Welcome to part 2 of custom document classifier with AWS Comprehend tutorial series. In the previous tutorial we have successfully download the dataset. In this tutorial we are going to prepare the training file to feed into the custom comprehend classifier. Just to take a note that Amazon Comprehend custom classification supports up to 1 million examples containing up to 1000 unique classes.

Let’s get started and write some code in the jupyter notebook that we have created in the previous tutorial. Here, we are going to use two library that is os and pandas.

# importing libraries
import os
import pandas as pd

# defining dataframe
df = pd.DataFrame()
mapping = {}
source_path = "bbc/bbc/

Now, we will loop through the content of the source_path directory and create the mapping of the class/target/label name with the first/top 300 files from an individual class directory.

# looping through bbc/bbc/ directory
for i in sorted(os.listdir(source_path)):
    # checking if it is directory or not
    if os.path.isdir(source_path+i):
        # creating the dictionary with class as key and first 300 files as key
        mapping[i] = sorted(os.listdir(source_path+i))[:300]
# printing in the mappings with keys/values individually
print(mapping.keys())
print(mapping.values())

Moving along with unpacking and looping through the mapping dictionary. Here, we will append the individual labels in the label list and respective data of the file in the data list.

# label or class or target list
label = []
# text file data list
data = []
# unpacking and iterating through dictionary
for i, j in mapping.items():
    # iterating through list of files for each class
    for k in j:
        # appending labels/class/target
        label.append(i)
        # reading the file and appending to data list
        data.append(open(source_path+i+"/"+k, encoding="cp1252").read().replace("\n", " "))

Now, we will create two columns (label & document) in the dataframe. And assign the data in the individual column respectively.
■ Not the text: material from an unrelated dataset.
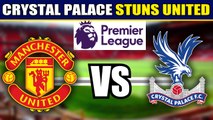Crystal Palace scores last minute win against Manchester United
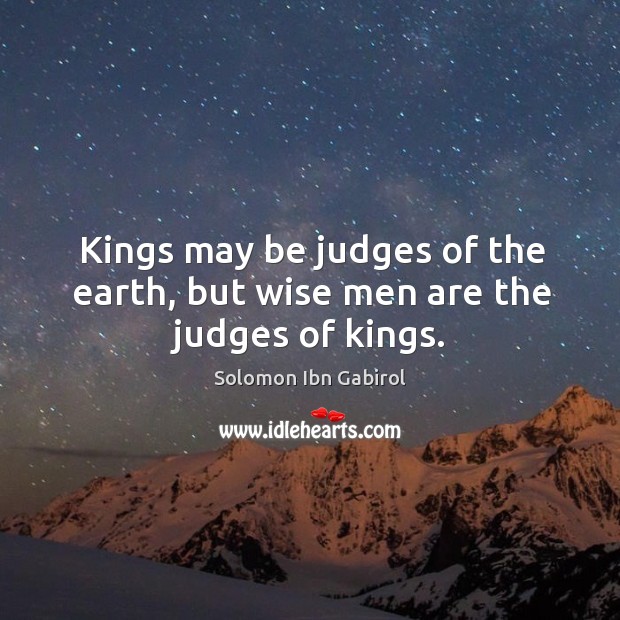 Kings may be judges of the earth, but wise men are the judges of kings. Solomon Ibn Gabirol Picture Quote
# creating column in dataframe and assigning data
df["label"] = label
df["document"] = data

Further we will shuffle the data. It is not mandatory though. Later, we will save the data as train.csv without index and headers.

# shuffling the data/rows and dropping index
df = df.sample(frac=1).reset_index(drop=True)

# saving it as csv file without index and headers
df.to_csv("train.csv", index=False, header=False)

Here is the full jupyter notebook code
Well, thats it for now. In the next tutorial we are going to train the Comprehend custom document classifier. Below is the video tutorial.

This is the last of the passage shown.